Was ist ein MS-Schub?
Ein MS-Schub ist definiert als das Auftreten neuer oder die Verschlechterung bereits bekannter Symptome, die länger als 24 Stunden anhalten und nicht durch andere Faktoren wie Infektionen oder Fieber erklärt werden können. Die Symptome können plötzlich innerhalb von Stunden oder Tagen auftreten und zwischen einigen Tagen bis zu wenigen Wochen andauern. Ein Schub ist in der Regel ein Zeichen von Krankheitsaktivität, bei der Entzündungsherde (Läsionen) die Weiterleitung von Nervenimpulsen in den betroffenen Nervenfasern behindern oder ein Verlust von Gehirnvolumen vorliegt.
Es ist wichtig, einen "echten" MS-Schub von einem Pseudoschub zu unterscheiden. Bei einem Pseudoschub verschlechtern sich bestehende neurologische Symptome oder die allgemeine Leistungsfähigkeit vorübergehend aufgrund von kurzzeitigen körperlichen oder psychischen Extrembelastungen. Ein bekanntes Beispiel ist das Uhthoff-Phänomen, bei dem eine Erhöhung der Körpertemperatur, beispielsweise durch sportliche Anstrengungen, einen Saunabesuch, Hitze oder Fieber, zu einer Verschlechterung der Symptome führt.

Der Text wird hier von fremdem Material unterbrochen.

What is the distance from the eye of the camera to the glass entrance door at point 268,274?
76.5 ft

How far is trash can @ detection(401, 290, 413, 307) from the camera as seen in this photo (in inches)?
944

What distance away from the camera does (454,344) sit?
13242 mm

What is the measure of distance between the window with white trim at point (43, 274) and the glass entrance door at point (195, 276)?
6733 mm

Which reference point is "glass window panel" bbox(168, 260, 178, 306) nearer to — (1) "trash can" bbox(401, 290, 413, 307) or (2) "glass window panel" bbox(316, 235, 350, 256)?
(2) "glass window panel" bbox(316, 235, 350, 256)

Ursachen und Auslöser von MS-Schüben
Die genauen Vorgänge, die einen MS-Schub auslösen, sind noch nicht vollständig geklärt. Es wird angenommen, dass ein Zusammenspiel mehrerer Faktoren eine Rolle spielt. Dazu gehören:
- Genetische Veranlagung: Eine erbliche Veranlagung kann das Risiko, an MS zu erkranken, erhöhen.

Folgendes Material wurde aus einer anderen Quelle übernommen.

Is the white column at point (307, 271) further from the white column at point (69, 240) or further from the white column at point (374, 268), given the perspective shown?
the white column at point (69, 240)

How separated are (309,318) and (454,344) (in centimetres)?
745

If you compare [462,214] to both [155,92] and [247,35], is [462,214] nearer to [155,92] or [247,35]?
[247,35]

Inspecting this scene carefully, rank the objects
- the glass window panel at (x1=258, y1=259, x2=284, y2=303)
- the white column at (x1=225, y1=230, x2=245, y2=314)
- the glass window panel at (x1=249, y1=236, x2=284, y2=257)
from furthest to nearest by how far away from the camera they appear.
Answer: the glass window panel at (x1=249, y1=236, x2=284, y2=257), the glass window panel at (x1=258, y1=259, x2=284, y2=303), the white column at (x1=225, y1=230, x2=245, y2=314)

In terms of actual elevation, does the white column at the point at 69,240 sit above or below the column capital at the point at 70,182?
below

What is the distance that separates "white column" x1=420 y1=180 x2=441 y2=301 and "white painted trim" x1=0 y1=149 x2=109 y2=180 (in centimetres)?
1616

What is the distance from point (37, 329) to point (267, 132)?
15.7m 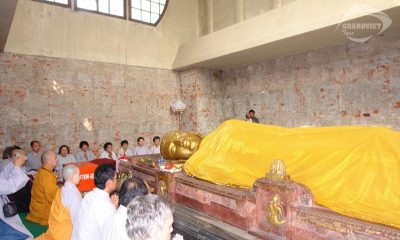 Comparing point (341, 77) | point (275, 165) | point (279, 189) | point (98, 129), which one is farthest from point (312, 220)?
point (98, 129)

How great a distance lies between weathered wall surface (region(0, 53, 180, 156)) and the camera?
5.96m

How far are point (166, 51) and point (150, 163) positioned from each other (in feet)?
16.7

- Umweltfaktoren: Bestimmte Umweltfaktoren wie Virusinfektionen (z. B. mit Masern-, Herpes- oder Epstein-Barr-Viren), Vitamin-D-Mangel, Rauchen und Übergewicht können zum Ausbruch der Erkrankung beitragen.
- Extreme Belastungen: Akute fieberhafte Infekte, Operationen, manche Impfungen (besonders solche mit Lebendimpfstoffen) und hormonelle Umstellungen können Schübe begünstigen.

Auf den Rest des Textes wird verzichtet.